### [Exercise prompt]
Data follows below. Repeat exactly the lines between the line holding "Renault Sandero с" and the line holding "CALAIS CAILLOUX MAISON", inclusive, and nothing more; drop pictures.

### [Record excerpts]
====

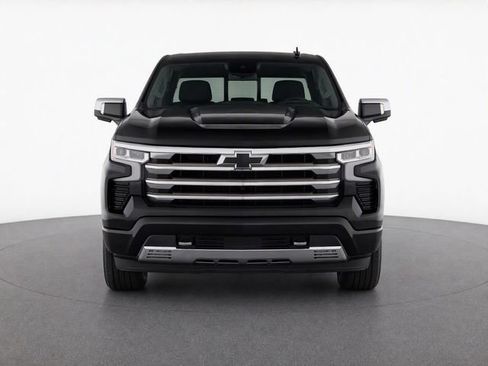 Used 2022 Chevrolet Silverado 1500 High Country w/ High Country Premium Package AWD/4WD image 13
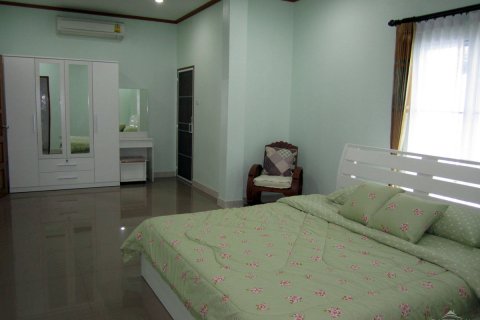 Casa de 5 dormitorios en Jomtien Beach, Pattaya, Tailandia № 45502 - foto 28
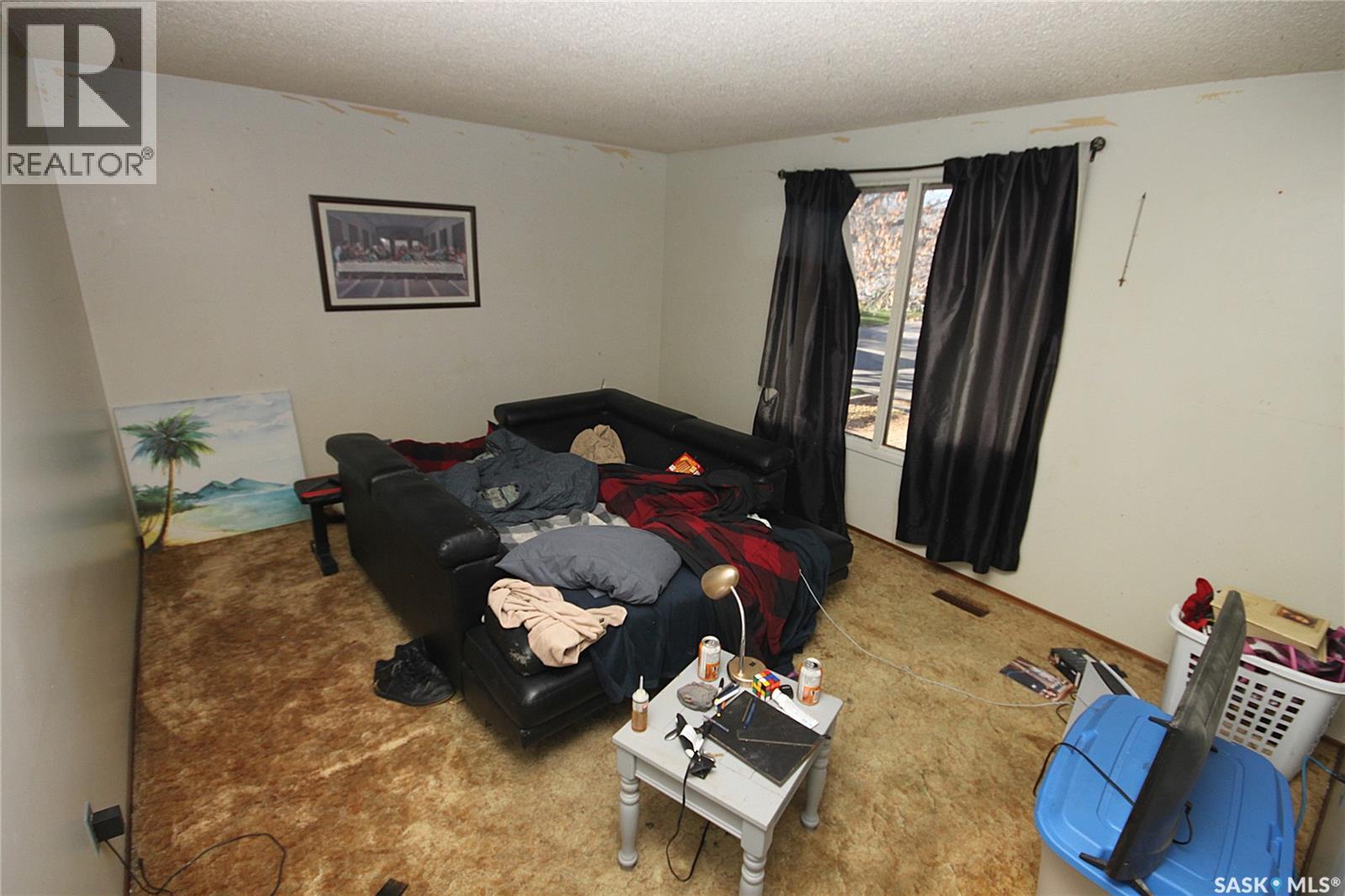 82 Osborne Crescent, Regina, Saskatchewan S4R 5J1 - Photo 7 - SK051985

====

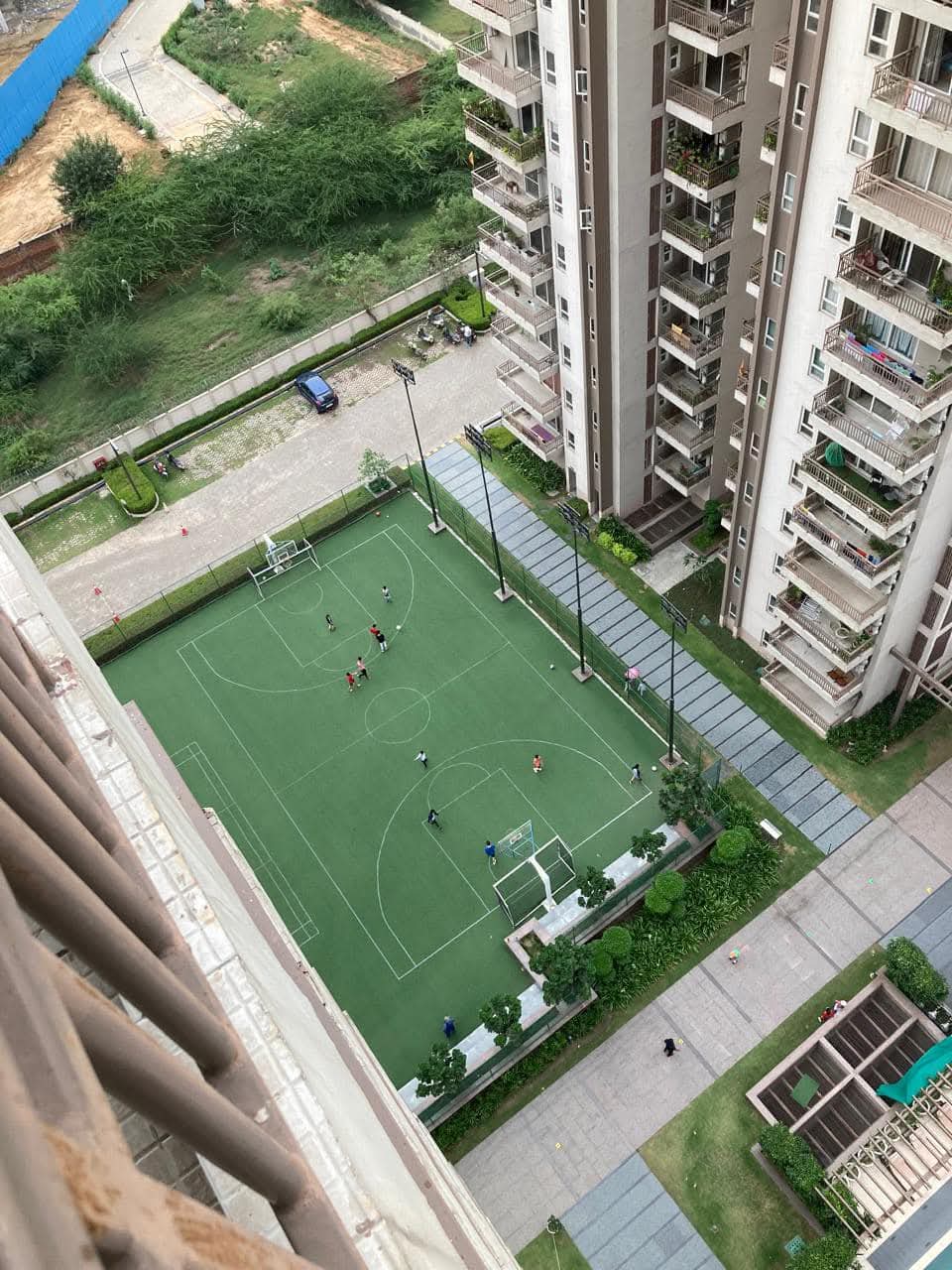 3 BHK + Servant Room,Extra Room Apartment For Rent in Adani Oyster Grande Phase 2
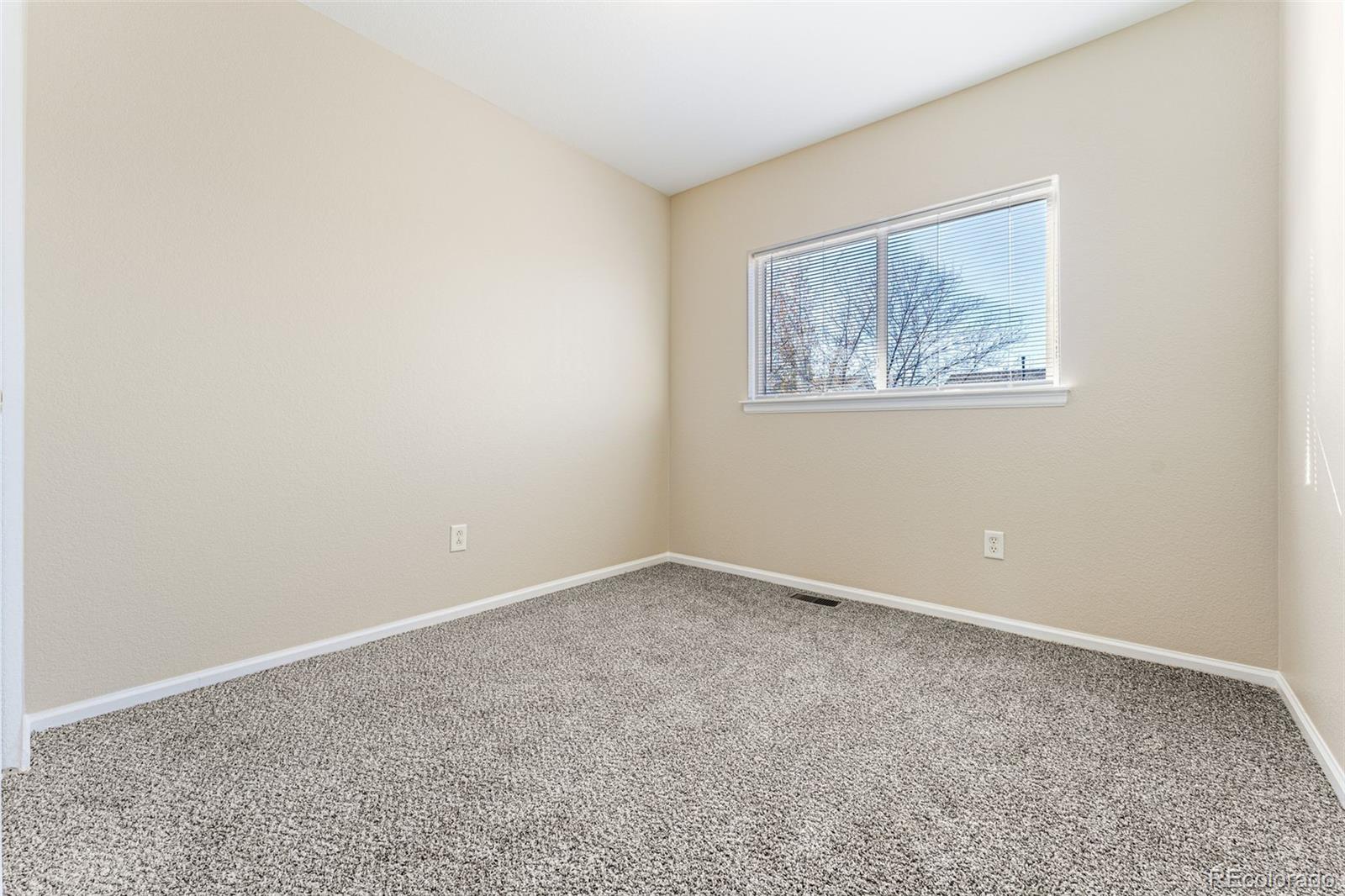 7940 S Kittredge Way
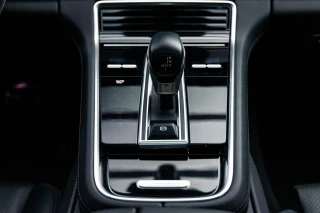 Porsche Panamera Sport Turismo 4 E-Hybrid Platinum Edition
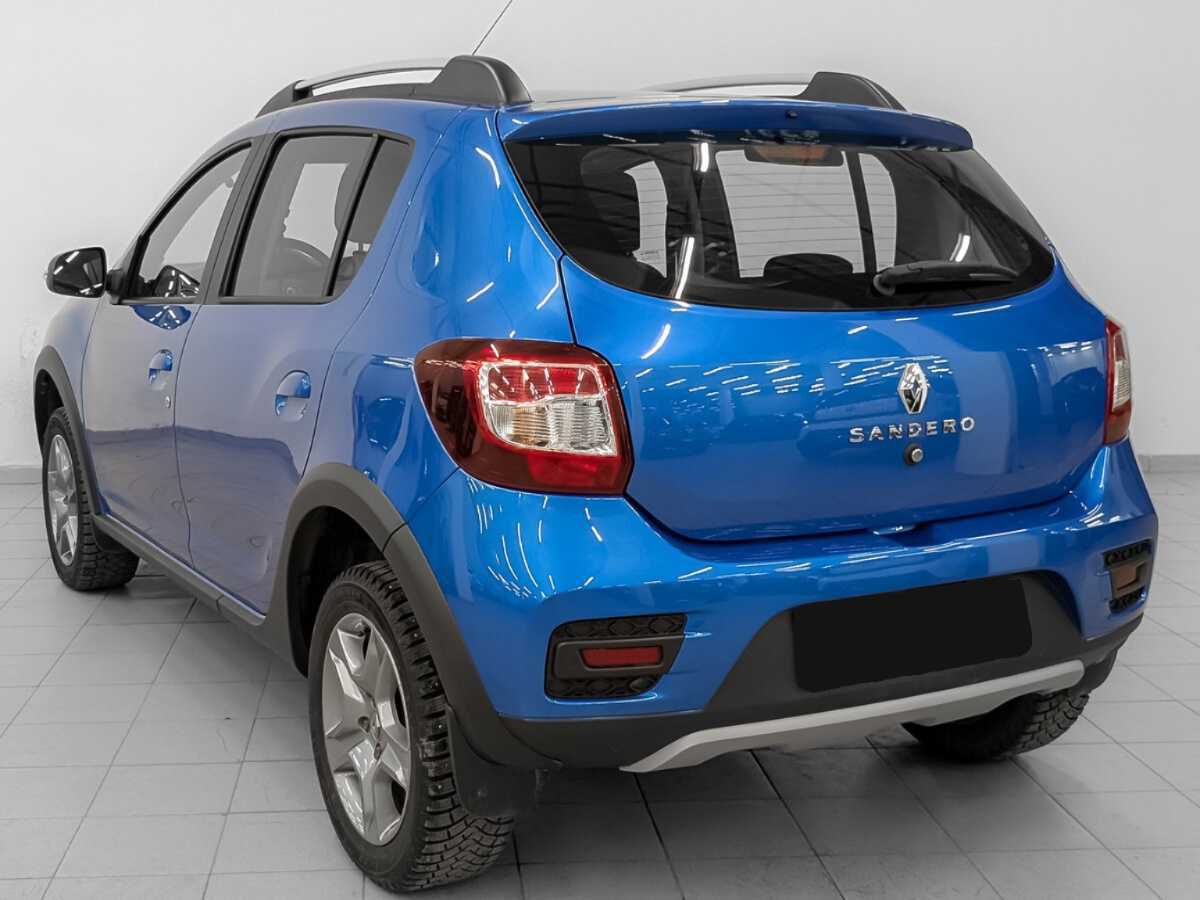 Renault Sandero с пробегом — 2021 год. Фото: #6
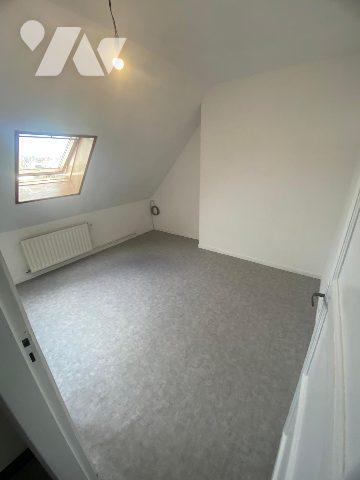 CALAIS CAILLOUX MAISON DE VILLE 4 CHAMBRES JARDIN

====

### [Exercise answer]
 Renault Sandero с пробегом — 2021 год. Фото: #6
 CALAIS CAILLOUX MAISON DE VILLE 4 CHAMBRES JARDIN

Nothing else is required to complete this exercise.